Selepas serangan di media, Laks kembali mendapat serangan dari Komisi Pengawas Persaingan Usaha (KPPU). Setelah jabatan berakhir, Laks dipanggil oleh KPPU untuk menjelaskan proses divestasi VLCC oleh Pertamina. Babak perjuangan Laks melawan KPPU ini dijelaskan secara rinci pada sub bab ”Kiprah Salah Kaprah KPPU”.
Klimaks dari buku ini berada pada sub bab ”Belenggu Nalar” yang dianggap sebagai serangan terdahsyat oleh Laks. Serangan ini berasal dari Pansus VLCC DPR RI yang disebut Laks menggunakan nalar terbelenggu dan membabi buta.
Laporan Pansus VLCC DPR RI menuding dan menyalahkan Laksamana Sukardi, baik sebagai Menteri BUMN maupun Komisaris Utama Pertamina, sebagai tokoh yang bertanggung jawab menginstruksikan Direksi Pertamina untuk membatalkan pesanan tanker VLCC. Tuduhan ini dinilai Laks tidak masuk akal karena tanpa bukti. Selain itu, sesuai dengan Undang-Undang Nomor 1 Tahun 1995 tentang Perseroan Terbatas, persetujuan dilakukan bersama-sama oleh direksi sebagai pelaksana dan dewan komisaris sebagai pengawas.
Meski harus dicermati secara khusus, buku Belenggu Nalar memberikan gambaran cukup detail bagi pembaca awam tentang rawannya konflik kepentingan yang terjadi dalam perusahaan milik negara. Kasus yang dialami langsung oleh penulis mengajak pembaca untuk turut menggunakan nalar dalam menimbangnya.

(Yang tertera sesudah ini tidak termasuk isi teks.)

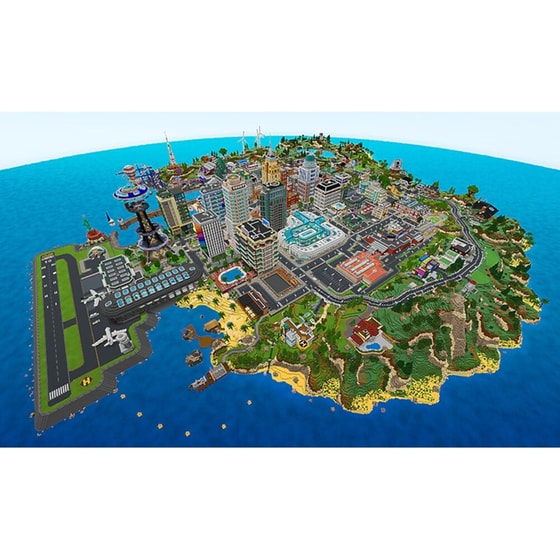 PS4 Used Game - Minecraft Starter Collection image 1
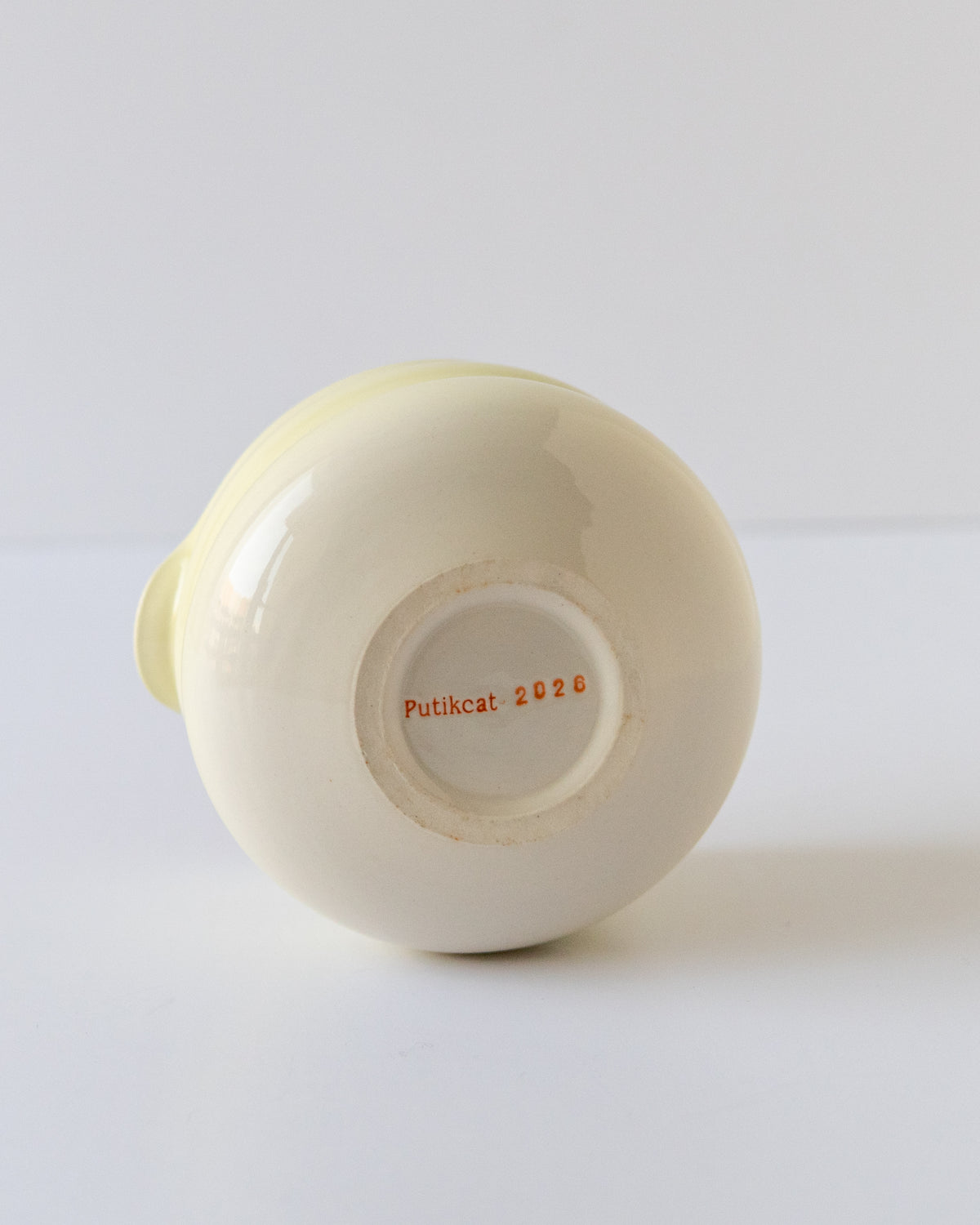 Butter Yellow + Orange Matcha Bowl 02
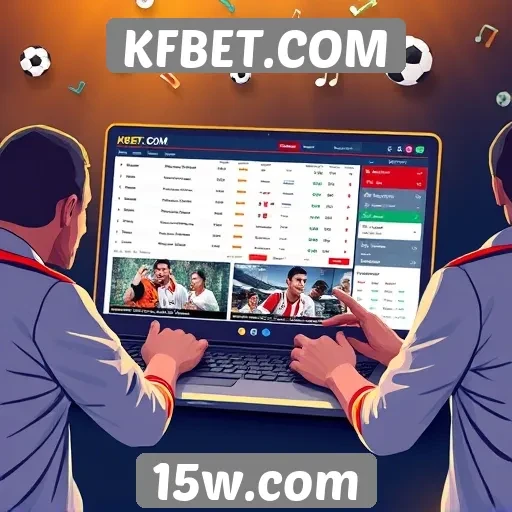 Funcionalidades inovadoras do site de apostas KFBET.COM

Laks menutup buku dengan mengajak pembaca untuk menjunjung tinggi hukum yang ada di Indonesia. Hukum dibuat untuk menjaga ketertiban kepentingan umum dan menjamin hak setiap warga negara. Inilah yang disebut ”berdiri sama tinggi, duduk sama rendah”. Hukum tidak boleh dipolitisasi. (Litbang Kompas/IGP)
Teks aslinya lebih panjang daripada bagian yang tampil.